There is a book, published not too long ago (2009), but long enough ago that it may already be receding in the wake of the next great gristmill treatise on grit or perseverance, or character. It shouldn’t. The Talent Codewritten by Daniel Coyle in 2009, looks at how extraordinary talent develops. It’s a highly readable, thought provoking book, and in the introduction Coyle looks at the concept of deep practice. Deep practice moments are “targeted practice” moments that scaffold talent towards performance excellence. Coyle focuses on a famous video of an average student practicing the clarinet and the six extraordinary minutes of practice that reveals the starts and stops and reflection associated with effective, deep learning.

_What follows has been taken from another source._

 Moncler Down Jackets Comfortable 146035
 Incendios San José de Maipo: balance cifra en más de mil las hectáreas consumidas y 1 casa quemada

Something like this must have happened on the way to Sunday’s performance. How else to account for all of those voices coalescing into something magical, to account for such a collectively strong performance? Yet in the midst of all this, there was one what-just-happened moment when Ceilidh Kehoe sang in the complicated and layered Loch Lomond. Ceilidh, who had never sung a solo in public and who had practiced so hard over the term, stepped forward. When she started to sing and began hitting impossibly high notes, that’s when the “Oh my” moment crackled and the whole afternoon changed.
In his introduction to Loch LoMond, choral director Rob St. Cyr spoke to Ceilidh’s journey through practice and lessons. There were challenges, tears, but when the opportunity came, she said she wanted the solo. Definitely wanted it. Pitched for it. “This is why the performing arts are so important,” Rob said. “This is why we believe in them.” The challenges they present and the confidence they instill travel beyond a single discipline of singing or theater or jazz-rock ensemble. With performances waiting at the end of a term’s long corridors as incentive, students frequently experience those moments of targeted practice that Daniel Coyle identifies as integral to excellence.
The chapel moment still resonates. Even though I’ve told the story a number of times, the tingle is there from Sunday’s performance, and so, too, is the case for the performing arts. Deep practice and deep learning yielded performance excellence last Sunday, and a highlight for the year.